Non gli era mai successo, nei suoi 54 anni di attività scientifica, di trovarsi di fronte a qualcosa di simile: “L'era dello tsunami dei social media è qualcosa che non avevo mai vissuto prima a questo livello”, dice il più celebre immunologo del mondo, Anthony Fauci, nell’intervista rilasciata al direttore della rivista Science, Holden Thorp.




Manca ormai davvero poco tempo alle sue dimissioni, annunciate nell’agosto scorso, e l'intervista è una riflessione a tutto tondo sul ruolo della scienza nella società, sul corto circuito della comunicazione nella pandemia, sul valore della trasparenza e della responsabilità degli scienziati.





Dopo aver consigliato sette presidenti degli Stati Uniti e dopo 38 anni a capo dell'Istituto americano per allergie e le malattie infettive (Niaid), Fauci si prepara a lasciare entrambi gli incarichi.


Per il futuro ancora nessun programma preciso, ma sicuramente ha ancora voglia di rimettersi in gioco.









Nessuna nostalgia per il passato, ma ha la consapevolezza di avere accumulato un’esperienza unica, che adesso vorrebbe condividere scrivendo, tenendo conferenze e dando consigli, ma “solo se richiesti”.





Guardando al passato, però, è difficile trovare strumenti che permettano di contrastare l’informazione caotica che accompagna la pandemia di Covid-19. Nulla del genere era accaduto nell’altra epidemia che aveva seguito da vicino, quella di Aids.


“La differenza rispetto ad allora è l'impatto enorme dei social media come veicolo di una disinformazione” che è “difficile da contrastare.


Ho sempre detto che il modo migliore per contrastare la disinformazione è inondare il sistema di informazioni corrette, ed è ancora vero, ma si combatte contro una grandissima ondata di disinformazione”. Il rischio, secondo Fauci, è di “perdere la battaglia”.



Tanto più che l’onda di tsunami dei social media ha finito per travolgere anche i ricercatori e, a volte si sono pronunciati a proposito delle misure per contenere i contagi “persone che non sapevano nulla di virologia o epidemiologia”.


E’ come stare in equilibrio su una “linea sottile”, dice ancora Fauci, “trovarsi a respingere affermazioni non basate sull’evidenza” e il rischio è si “essere accusati di arroganza”. Così come è difficile riuscire a spiegare che la scienza è in continua evoluzione.


Per questo, aggiunge Fauci, i ricercatori “dovrebbero imparare a comunicare l’incertezza” e a far capire che, “anche davanti a quello che ora è un fatto reale, bisogna lasciare la porta aperta a un cambiamento, sulla base di nuovi dati”.

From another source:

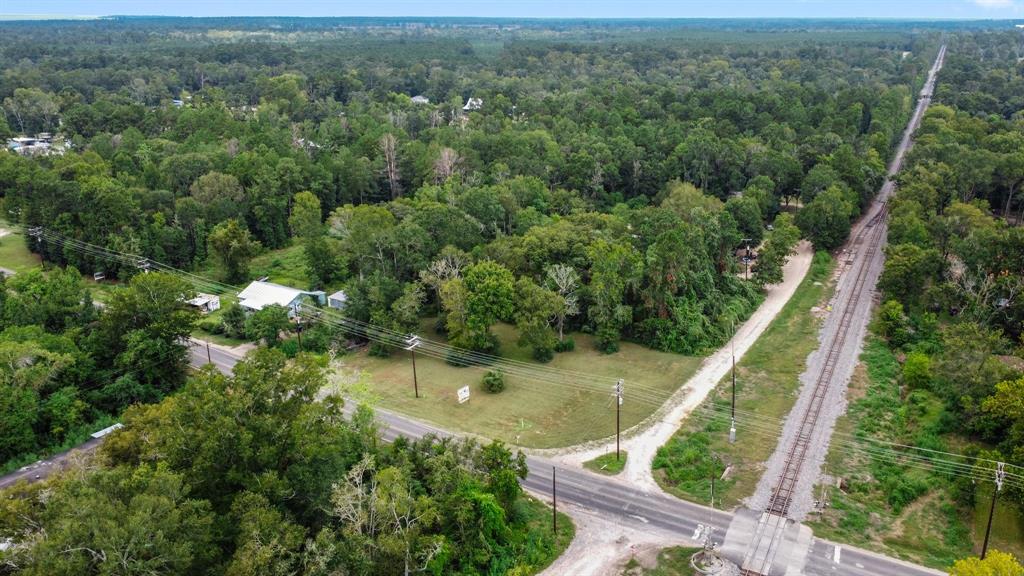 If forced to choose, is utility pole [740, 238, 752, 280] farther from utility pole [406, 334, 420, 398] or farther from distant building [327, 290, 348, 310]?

La chiarezza e la trasparenza degli scienziati sono, poi, particolarmente importanti quando hanno incarichi governativi: “spesso hanno paura di dire qualcosa, e io dico loro dietro le quinte: qual è il problema? Non perderai il lavoro per aver detto la verità.


Potresti rendere alcune persone un po' preoccupate, ma allora? Non importa. Sii aperto e trasparente". Educare le persone “a una migliore alfabetizzazione scientifica” è un’altra delle priorità indicata da Fauci.




Alla luce di tutto questo, è chiaro che non lo preoccupano molto gli 82 anni che compirà alla vigilia di Natale: “ho ancora energia, passione, entusiasmo e grazie al cielo sono in buona salute” e perciò, “al netto di imprevisti, vorrei scrivere, tenere conferenze e dare consigli a chi me li chiederà”.